Hello,
I am deploying a new 8040 and it was requested that the aggregates / raid
groups are laid out in such a way that no more than 2 disks in any raid
group are within the same shelf.
At first this sounds like it reduces single points of failure and could
protect availability from the failure of a full disk shelf.
I argue against this strategy and was wondering if anyone in this list had
any feedback.
My thought is that this configuration is marginally increasing availability
at the sacrifice of additional risk to data integrity. With this strategy,
each time a disk failed we would endure not only the initial rebuilt to
spare, but a second rebuild when a disk replace is executed to put the
original shelf/slot/disk back into the the active raid group.
Additional, if a shelf failure were encountered, I question whether it
would even be possible to limp along. In an example configuration, we would
be down 24 disks, 4 or 5 would rebuild to the remaining spares available.

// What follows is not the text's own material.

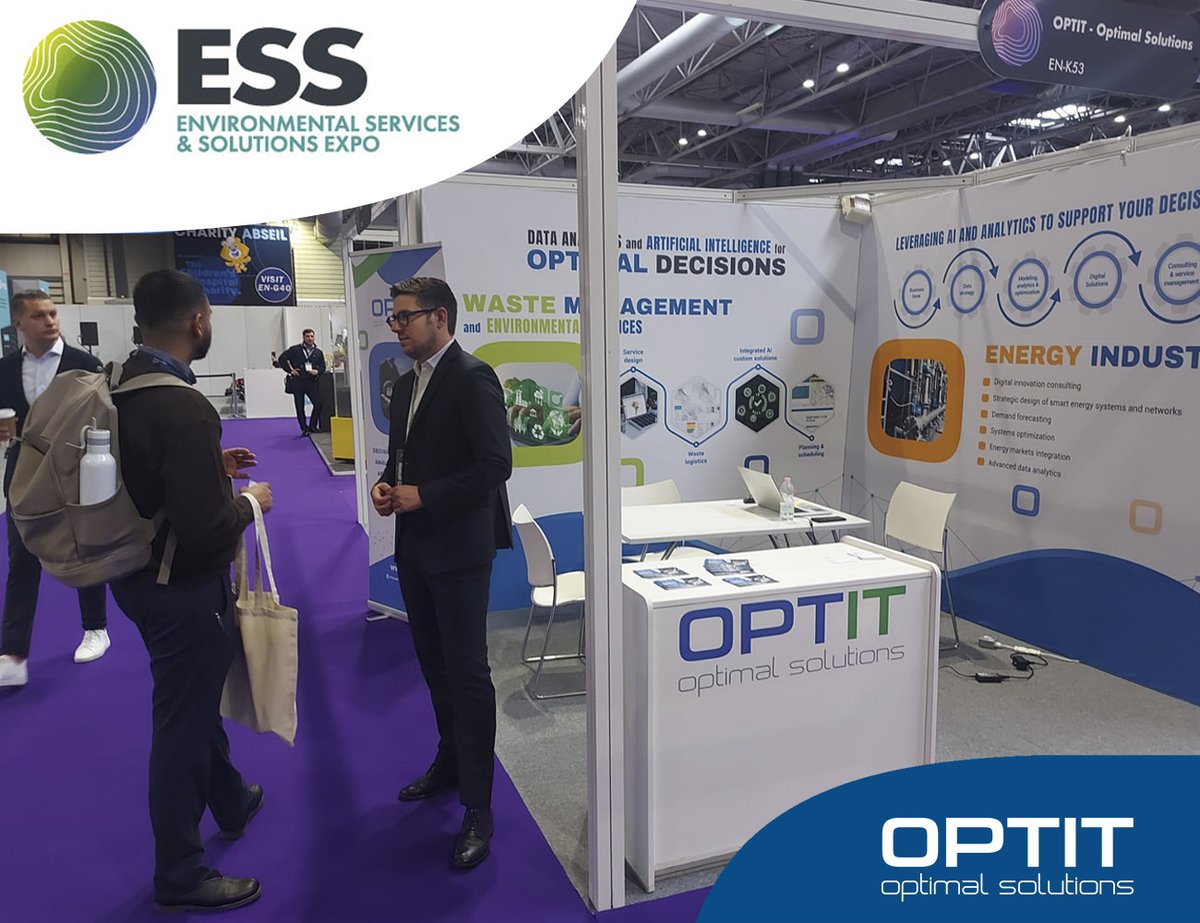 optitsrl_en's tweet photo. Thrilled to be at the Environmental Services &amp; Solutions Expo. Come in the @EFDExpo stand EN-K53, to talk about #digitalisation and #AI for smart energy systems, #decarbonisation, and #wastemanagement. 
#ESS24 #EFD24 #RWM24 #Optit #Optimization #innovation #energyefficiency https://t.co/zf4SWgdri8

Those rebuilds along should require significant cpu to occur concurrently
and I expect would impact data services significantly. Additionally, at
least 10 other raid groups would be either single or double degraded. I
expect the performance degradation at this point would be so great that the
most practical course of action would be to shutdown the system until the
failed shelf could be replaced.
Thanks for any input. I would like to know if anyone has any experience
thinking through this type of scenario. Is considering this configuration
interesting or perhaps silly? Are any best practice recommendations being
violated?
Thanks in advance.
--Jordan